### EXERCISE BRIEF
Practice item. Set the material below down again exactly, with no pictures.

### PROVIDED DATA
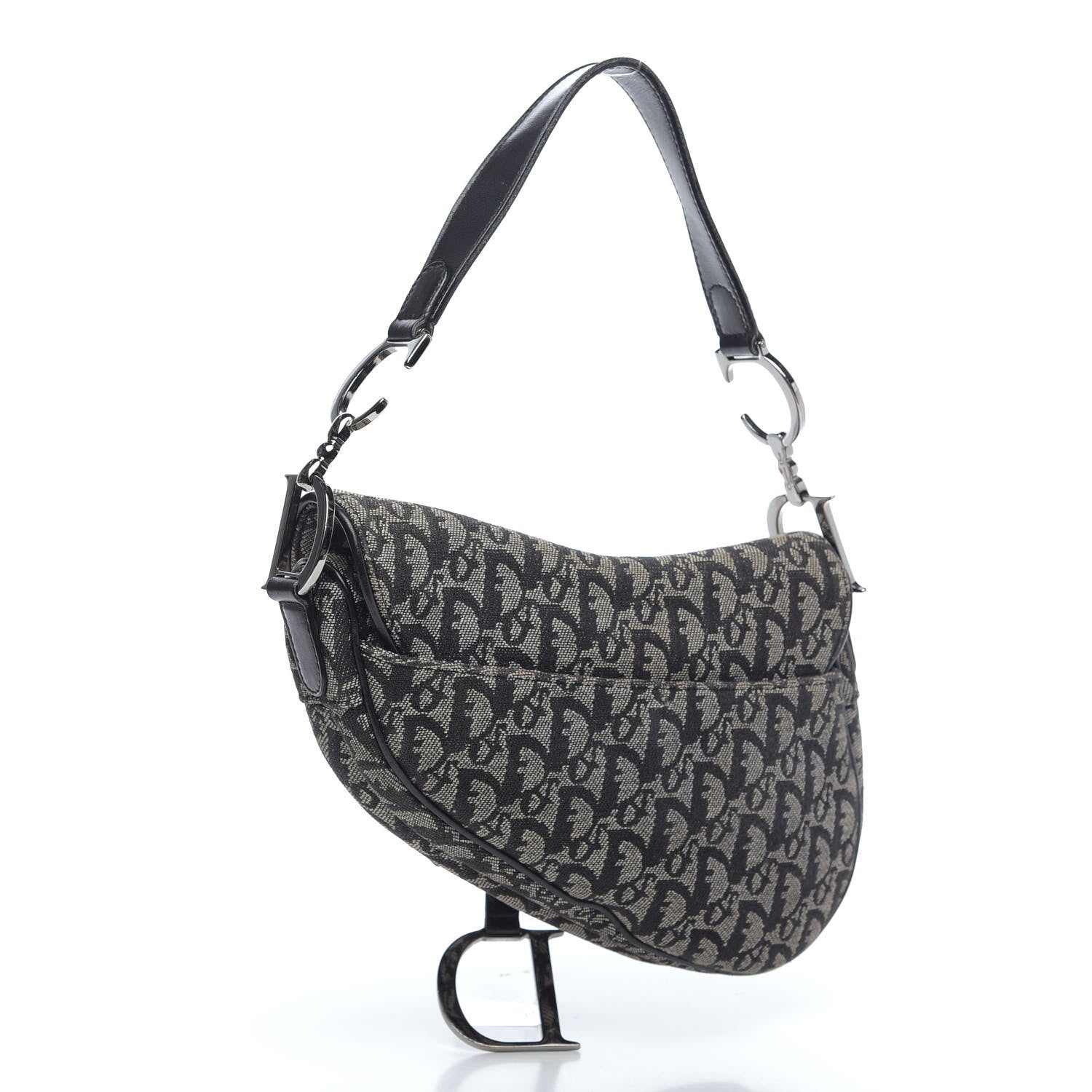 Christian Dior Monogram Saddle Bag Black 3 of 13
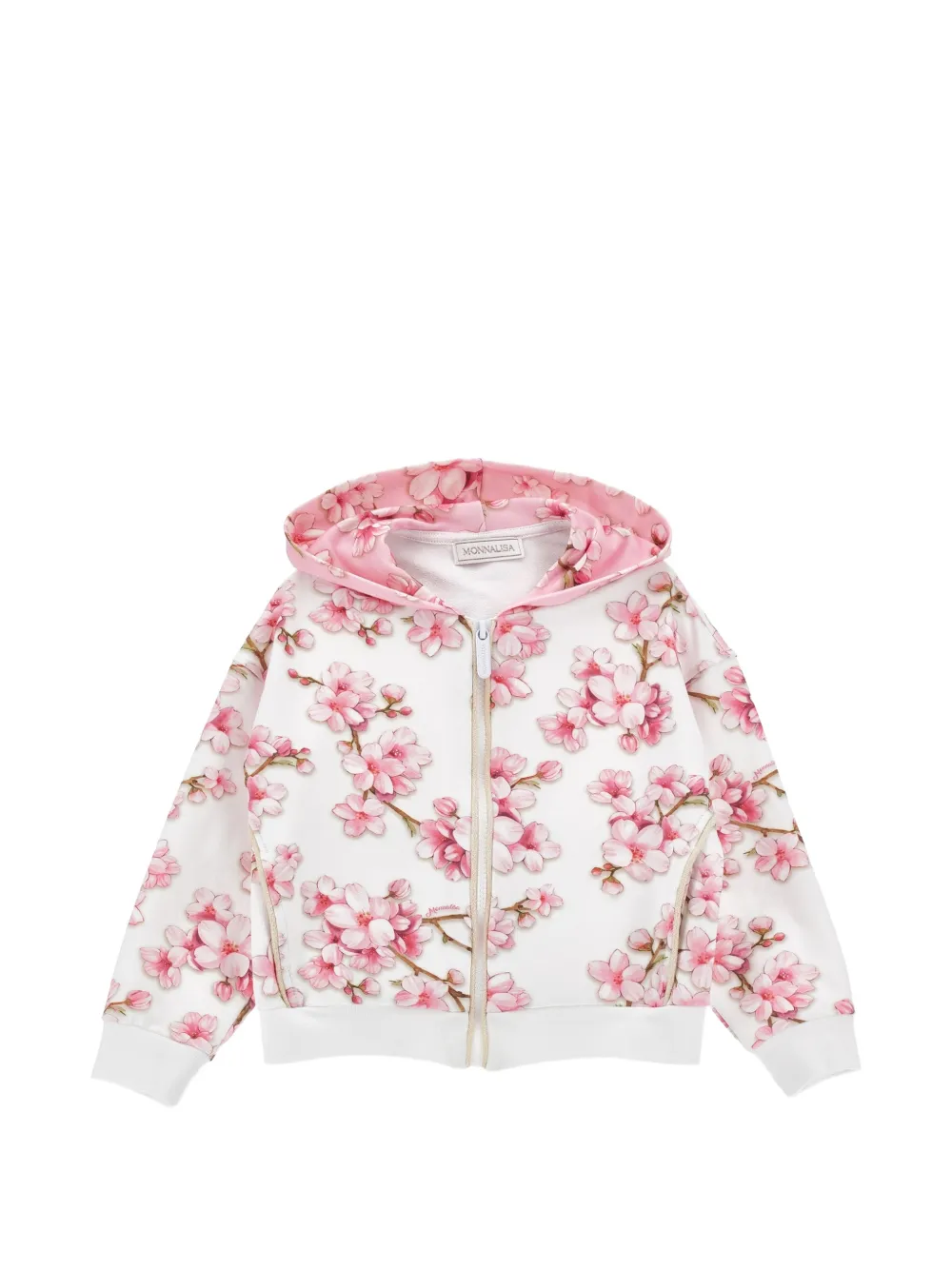 Monnalisa floral-print hoodie - White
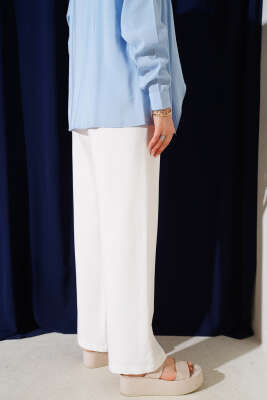 Bel Lastikli Tencel Pantolon Beyaz - 500-700 TL Ürünler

### ANSWER TO THIS TASK
 Christian Dior Monogram Saddle Bag Black 3 of 13
 Monnalisa floral-print hoodie - White
 Bel Lastikli Tencel Pantolon Beyaz - 500-700 TL Ürünler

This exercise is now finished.